De regionale publieke omroepen willen in de komende vijf jaar het aanbod uitbreiden op radio, televisie, internet en nieuwe platforms. Met dit voornemen nemen de regionale omroepen een advies over uit het rapport ‘De toekomst van de regionale omroep’ van prof. dr. Paul Rutten. Hij bepleit dat regionale omroepen een grotere rol moeten krijgen in het uitvoeren van publieke omroeptaken. Dit besef dient ook tot de politiek door te dringen.
Volgens de omroepen staan zij dichter bij luisteraars en kijkers dan landelijke omroepen. Onomstotelijk staat vast dat de disbalans waarvan nu sprake is, niet langer strookt met de mogelijkheden om publieke taken bij de regionale publieke omroep te leggen, schrijft Rutten in zijn rapport. Door het verdwijnen van dagbladen in de regio, groeit bovendien het belang van de omroepen om journalistieke pluriformiteit in de regio te garanderen.
De regionale omroepen gaan het aantal camerajournalisten (camjos) uitbreiden. Bij de dertien regionale omroepen zijn op dit moment enkele tientallen camjos actief. De omroepen willen nog meer onderscheidend regionaal nieuws brengen dat dicht bij de burger staat. De omroepen gaan de opleiding van camjos gezamenlijk oppakken, met een structureel opleidingsprogramma van ROOS. Twee keer per jaar zal de Camjo Academie journalisten gaan trainen.
De omroepen willen ook een groter beroep doen op fondsen en overheid om meer programmas en een grotere kwaliteit te kunnen leveren.
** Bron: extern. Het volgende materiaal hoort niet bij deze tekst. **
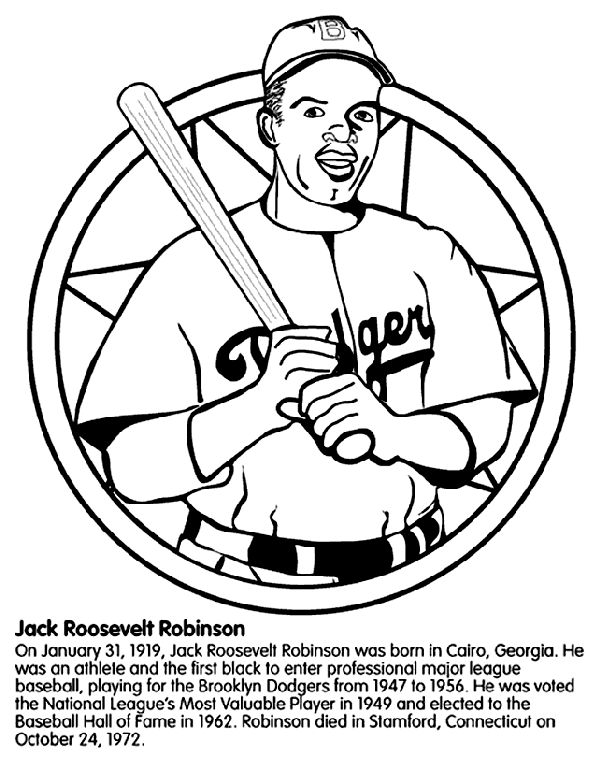 Jackie Robinson - Baseball Player Coloring Page | crayola.com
Zo pleiten de omroepen voor een grotere toegang tot het Stimuleringsfonds Culturele Omroepproducties.
ROOS, de koepelorganisatie van regionale omroepen, zal met de politiek zowel op landelijk als provinciaal niveau het gesprek aangaan over een grotere rol van de regionale omroepen in het publieke bestel. Bij de dertien regionale omroepen werken in totaal ruim 1500 mensen.